It was worthwhile for a look at a voice I knew little about, and for a reminder of a particular scene in the ’60s, but sad as well, not just for Ochs’s decline but for the repetition of the evil of the ’60s (JFK, Vietnam, civil rights, the Chicago convention, MLK, RFK), with the overthrow of Allende thrown in. There’s also lots of good music in here, and interesting discussions of the one-sided rivalry he had with Bob Dylan, whom he idolized. Here’s a clip from the move, of Ochs singing “When I’m Gone”:
In one period, he decided to travel the world and went to Chile just as Allende (a Marxist) was elected, and be befriended the protest singer Victor Jara. He eventually got to Africa, where he hit on the idea of recording in Kenya as a way to write off the trip. The song, Bwatue, has Ochs singing in Lingala (I think) and English and playing with Kenyan musicians in 1973:
He was later robbed in Dar es Salaam, in a strangulation attack that damaged his vocal cords and which he thought may have been planned by the CIA. Later that year, Allende was overthrown (CIA, again) and his friend Jara was tortured and killed, and this seemed to trigger a psychological break that resulted in heavy drinking, a personality change, and eventually death by his own hand.
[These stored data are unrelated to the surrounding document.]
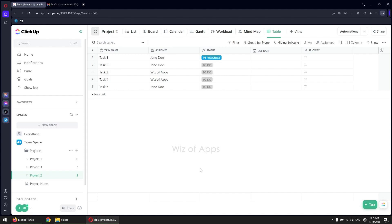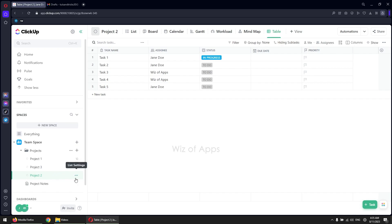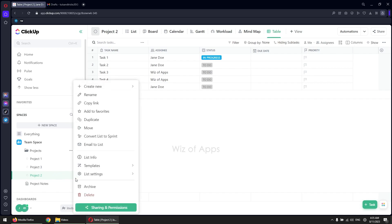To create a task via email, in your left sidebar, hover over the list where you want to create the task. Click on the three dots, then select 'Email to List'.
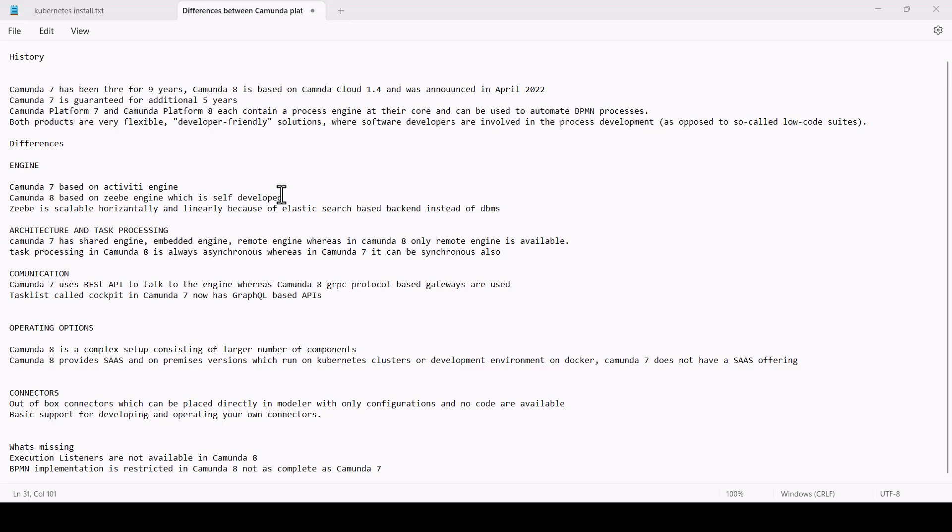Connectors: Out-of-box connectors, which can be placed directly in the modeler with only configurations and no code, are available. For example, SendGrid, AWS Lambda, and around 10 to 15 connectors are available. You can develop your own connectors also. Basic support for developing and operating your own connectors is provided, which is expected to enhance over time.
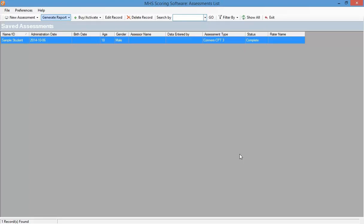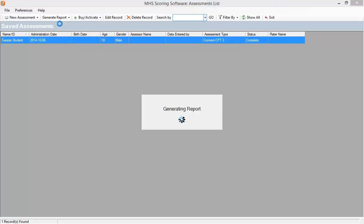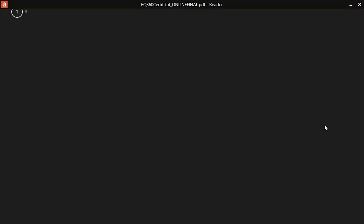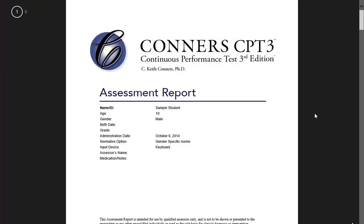Once at the main menu, you can generate a report by selecting Generate Report and choosing what type of report you would like to generate, assessment report or progress report. And here is your Connors CPT-3 assessment report.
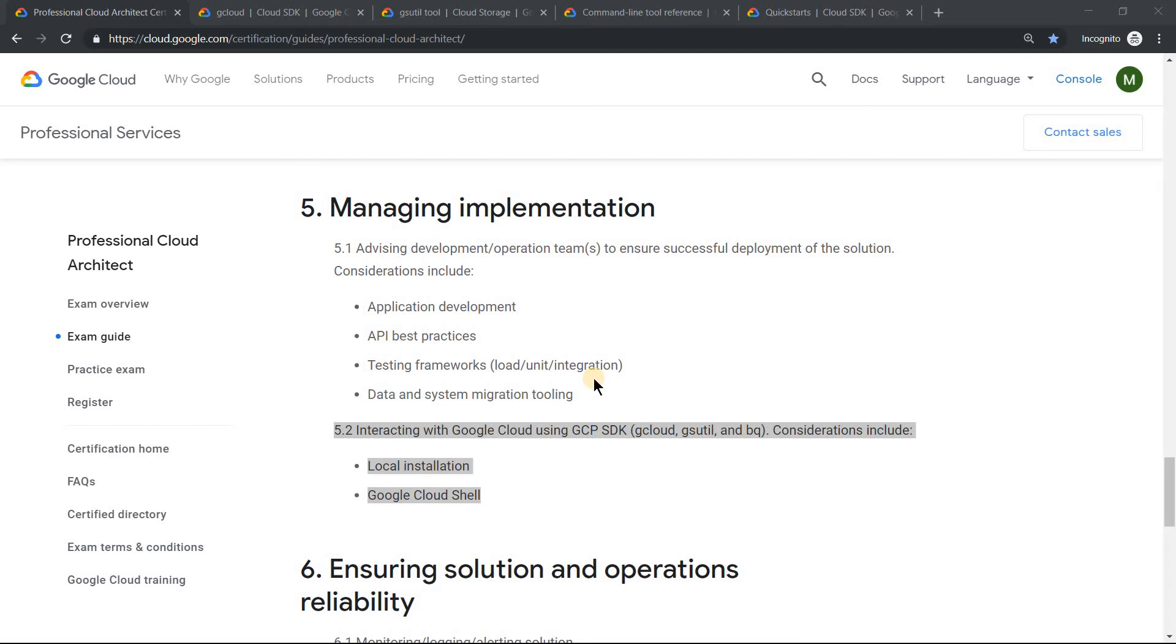Hello everyone, welcome to my YouTube channel Learn GCP with Mahesh. Today we will continue with what we have been doing for the past couple of days.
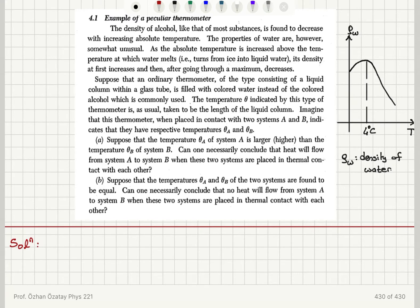Suppose that an ordinary thermometer of the type consisting of a liquid column in a glass tube is filled with colored water instead of the colored alcohol which is commonly used. The temperature theta indicated by this type of thermometer is, as usual, taken to be the length of the liquid column.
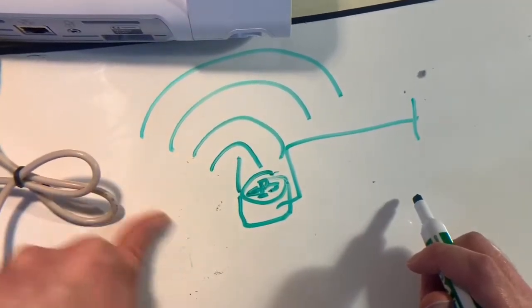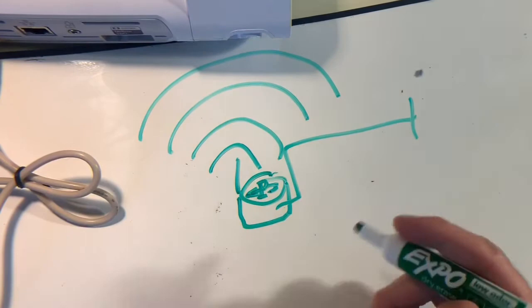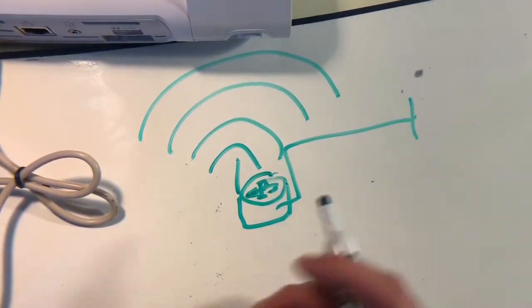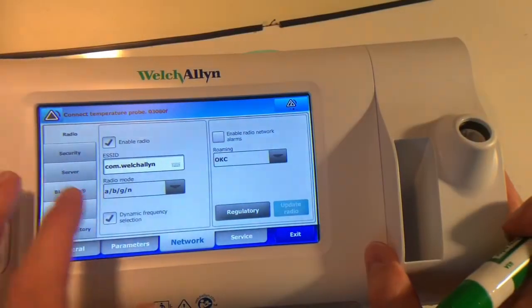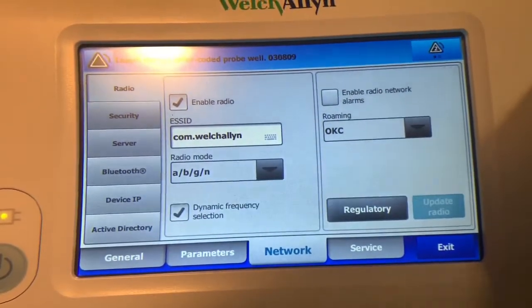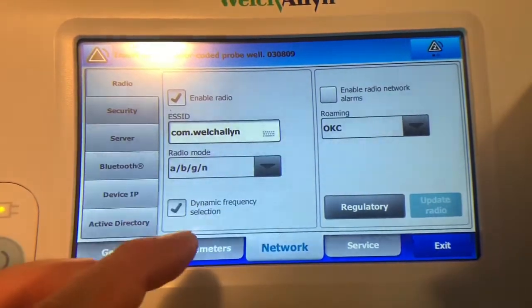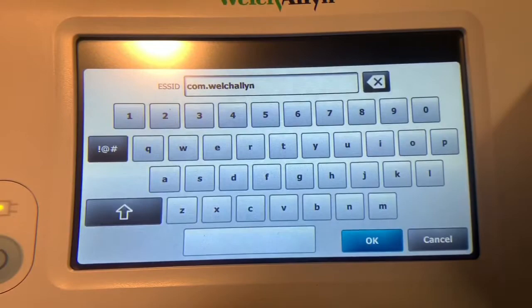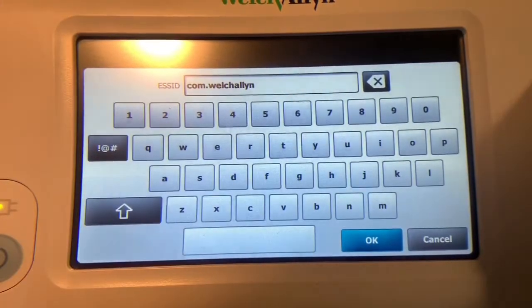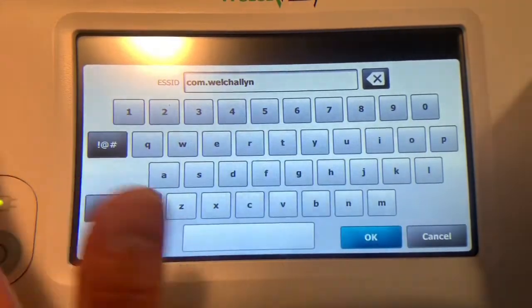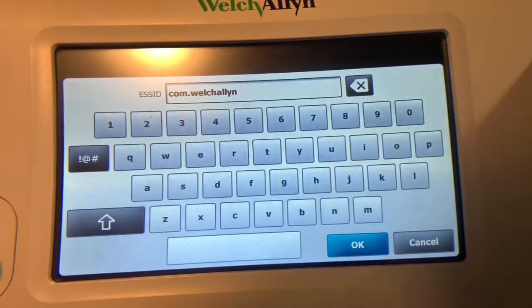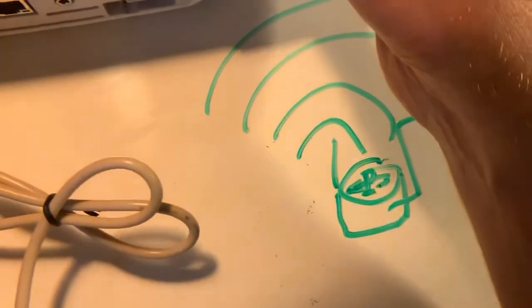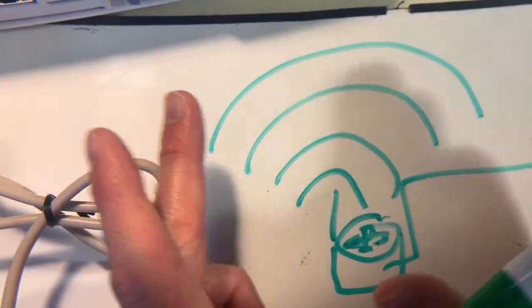With every WiFi network there is going to be a network name, and in this case that's what we want to enter in on the Welch Allyn. The Welch Allyn is not going to be able to detect wireless access points automatically. It doesn't show you a listing. Like if you had your phone and you're trying to connect to WiFi, it would show you a list of all the different networks. That doesn't do that. What you'd have to do instead is enter in what's called the ESSID, which essentially is the network name that this router is putting out.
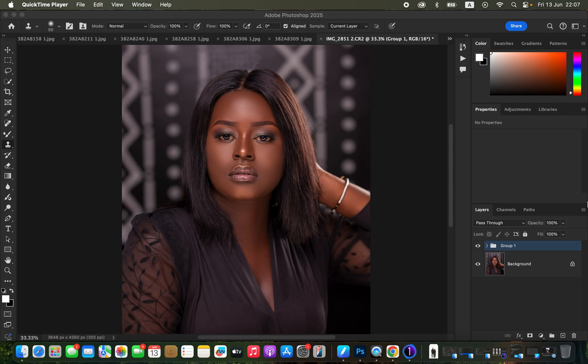In this video I'll show you how to do color grading for your skin tones in Photoshop, and how to get even and beautiful skin tones when it comes to your photos.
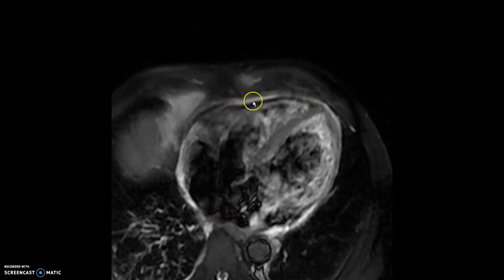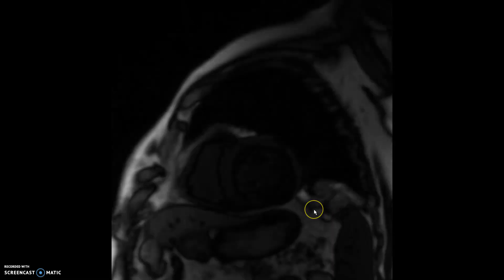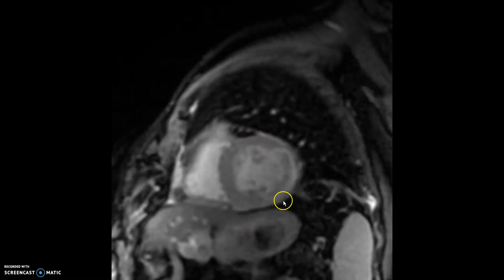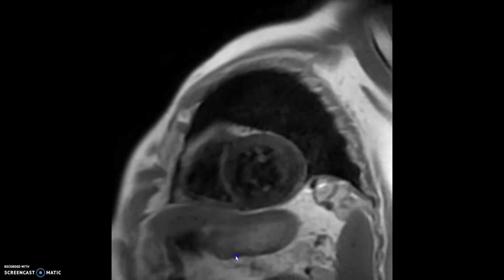Now, this could be fluid or it could be just edema of the pericardium — you cannot be 100% sure when you're looking at it. This is pre-contrast T1 map, and the T1 values were elevated; they were above 1,200 milliseconds here.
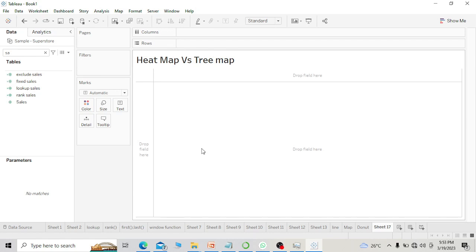Our next map is heat map, and I will show you heat map and tree map all together, because many interviewers ask this question: can you explain what is the difference between heat map and tree map? So I will go one by one and show the difference.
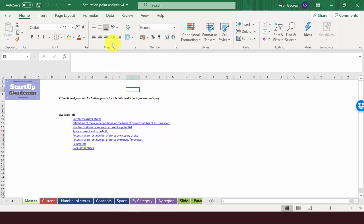Please open the file attached to the lecture, which is called saturation point analysis version 4. And here I will show you how to do that. In this file, we have previously estimated how many stores we can open.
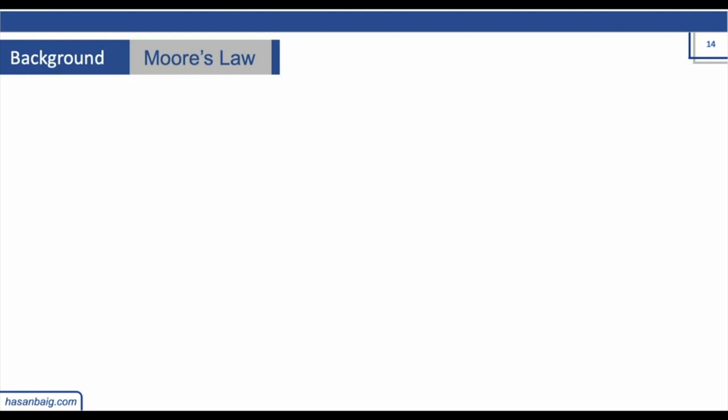So if I were to give you a layman example: we have a class size and let's assume that we have 20 computers in this classroom. And if I were to predict that the number of computers in this classroom, or number of computing resources, will be doubled every two years — how would it be possible? What we can do, while keeping the size of the classroom the same, how can the number of resources be doubled? This was his prediction, which turns out to be a law later on.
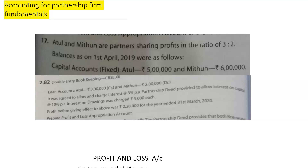As per the partnership deed, it was agreed to charge interest on loan at 8% per annum, allow interest on capital at the rate of 10% per annum, and interest on drawings was charged at 5,000 each. The profit before giving effect to the above was 2,28,000 for the year ended 31st March 2020.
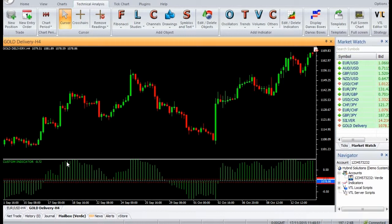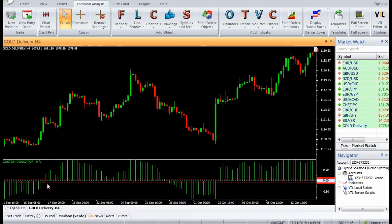Enter a buy trade when the RAVI FX Fisher indicator is below the zero line and is rising for two consecutive bars. Enter a sell trade when the RAVI FX Fisher indicator is above the zero line and is falling for two consecutive bars.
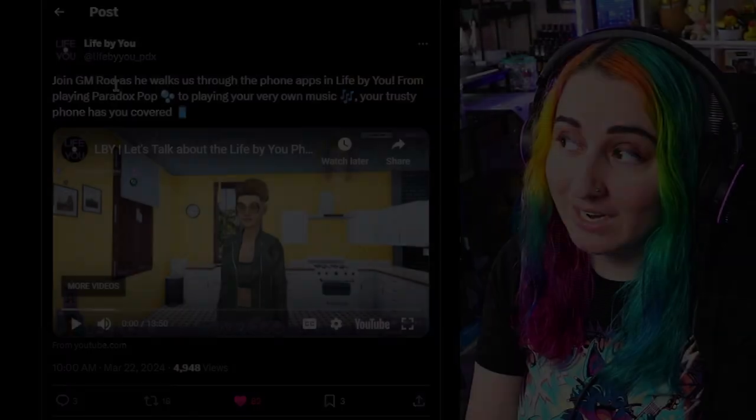Welcome back to another Life by You update video. I might be a week late, but they're not doing a video this week, so it all works out. We are also going to cover a small little update they teased on Twitter about the UI, so stay tuned for that. But we're going to look at the phone in Life by You first, and this is a video that they posted last Friday.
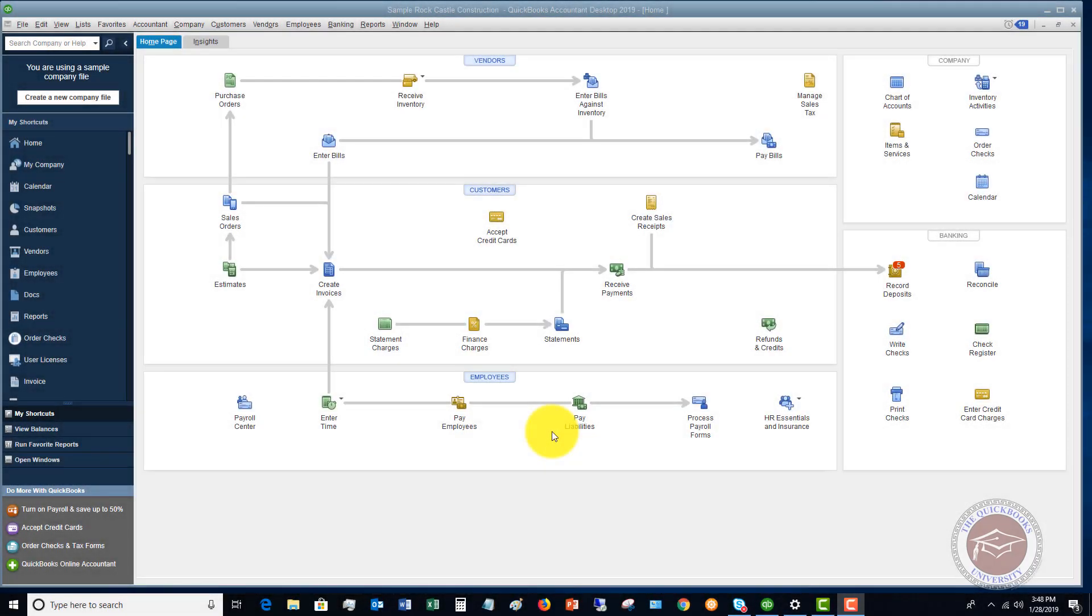Welcome to this QuickBooks 2019 tutorial for beginners on how and why to use sales orders. My name is Matt Hultquist with QuickBooks University, and you can see here in the flowchart we've got sales orders.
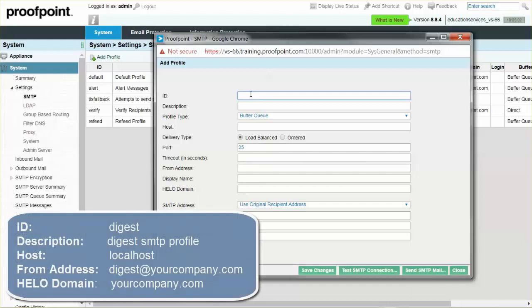For ID, input the term Digest. For Description, input Digest SMTP Profile. For Host, input the term Local Host. For the From Address, type the specific address you would prefer.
As a movie, it’s a well-done documentary (by his brother, Michael Ochs) with lots of footage from the news of the time and words from many of the usual suspects: Pete Seeger, Joan Baez, Tom Hayden, Abbie Hoffman, Jerry Rubin, Paul Krassner (who has not aged well), and Ochs’s daughter, Meegan, who gives Ochs some redemption. In addition, Jello Biafra, Christopher Hitchens, Sean Penn, and Billy Bragg show up to say pithy things for largely unknown reasons. Bragg is al least his moral descendent, and Biafra covered Ochs’s cynical “Love Me, I’m a Liberal,” and only made a few changes to make it current.